#### WHAT IS NEEDED
What are the lines of the listing below, word for word, from the first down to the one that contains "A5 Notepad | Action List - Pink"?

#### MATERIAL FOR THE TASK
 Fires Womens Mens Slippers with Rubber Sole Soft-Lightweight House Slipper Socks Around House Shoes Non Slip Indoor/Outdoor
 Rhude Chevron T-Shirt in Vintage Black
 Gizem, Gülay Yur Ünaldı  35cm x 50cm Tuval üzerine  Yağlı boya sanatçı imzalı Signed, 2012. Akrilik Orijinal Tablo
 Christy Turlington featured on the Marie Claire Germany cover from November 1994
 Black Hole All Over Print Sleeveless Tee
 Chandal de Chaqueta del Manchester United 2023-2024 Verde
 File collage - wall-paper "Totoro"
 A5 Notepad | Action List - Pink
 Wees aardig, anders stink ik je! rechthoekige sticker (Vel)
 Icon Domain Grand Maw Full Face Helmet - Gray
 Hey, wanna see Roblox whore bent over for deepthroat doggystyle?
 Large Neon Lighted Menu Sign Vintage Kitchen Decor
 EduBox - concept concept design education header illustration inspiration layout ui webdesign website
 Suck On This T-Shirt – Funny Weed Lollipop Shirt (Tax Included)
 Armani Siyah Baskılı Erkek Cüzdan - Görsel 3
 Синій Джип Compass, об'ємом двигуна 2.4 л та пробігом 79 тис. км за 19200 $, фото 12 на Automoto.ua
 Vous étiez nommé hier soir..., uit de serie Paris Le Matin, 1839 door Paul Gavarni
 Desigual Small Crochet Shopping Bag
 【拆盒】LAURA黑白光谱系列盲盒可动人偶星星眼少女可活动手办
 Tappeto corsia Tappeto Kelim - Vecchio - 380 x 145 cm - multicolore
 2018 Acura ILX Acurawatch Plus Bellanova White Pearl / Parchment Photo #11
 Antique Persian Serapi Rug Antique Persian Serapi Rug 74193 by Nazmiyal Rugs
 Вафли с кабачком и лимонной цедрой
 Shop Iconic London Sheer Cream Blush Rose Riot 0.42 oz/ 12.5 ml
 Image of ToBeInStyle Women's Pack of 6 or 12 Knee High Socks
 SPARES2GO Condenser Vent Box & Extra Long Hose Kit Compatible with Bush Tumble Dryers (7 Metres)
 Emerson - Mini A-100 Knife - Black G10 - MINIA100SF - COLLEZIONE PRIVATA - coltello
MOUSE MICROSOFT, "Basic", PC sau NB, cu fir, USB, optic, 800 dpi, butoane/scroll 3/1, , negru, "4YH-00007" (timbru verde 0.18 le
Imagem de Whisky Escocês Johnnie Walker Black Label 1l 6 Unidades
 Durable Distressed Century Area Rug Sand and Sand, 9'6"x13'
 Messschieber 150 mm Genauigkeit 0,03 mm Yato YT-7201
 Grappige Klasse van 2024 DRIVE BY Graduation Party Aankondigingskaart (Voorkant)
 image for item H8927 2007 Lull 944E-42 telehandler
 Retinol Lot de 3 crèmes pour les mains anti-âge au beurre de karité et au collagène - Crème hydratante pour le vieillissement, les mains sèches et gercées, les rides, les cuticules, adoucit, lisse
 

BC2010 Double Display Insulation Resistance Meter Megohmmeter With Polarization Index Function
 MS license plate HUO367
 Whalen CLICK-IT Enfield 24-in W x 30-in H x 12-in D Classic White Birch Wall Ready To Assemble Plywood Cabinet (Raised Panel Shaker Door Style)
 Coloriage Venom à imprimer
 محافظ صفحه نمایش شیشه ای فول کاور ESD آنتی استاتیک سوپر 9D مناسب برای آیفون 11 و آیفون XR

#### FINISHED TASK
 Fires Womens Mens Slippers with Rubber Sole Soft-Lightweight House Slipper Socks Around House Shoes Non Slip Indoor/Outdoor
 Rhude Chevron T-Shirt in Vintage Black
 Gizem, Gülay Yur Ünaldı  35cm x 50cm Tuval üzerine  Yağlı boya sanatçı imzalı Signed, 2012. Akrilik Orijinal Tablo
 Christy Turlington featured on the Marie Claire Germany cover from November 1994
 Black Hole All Over Print Sleeveless Tee
 Chandal de Chaqueta del Manchester United 2023-2024 Verde
 File collage - wall-paper "Totoro"
 A5 Notepad | Action List - Pink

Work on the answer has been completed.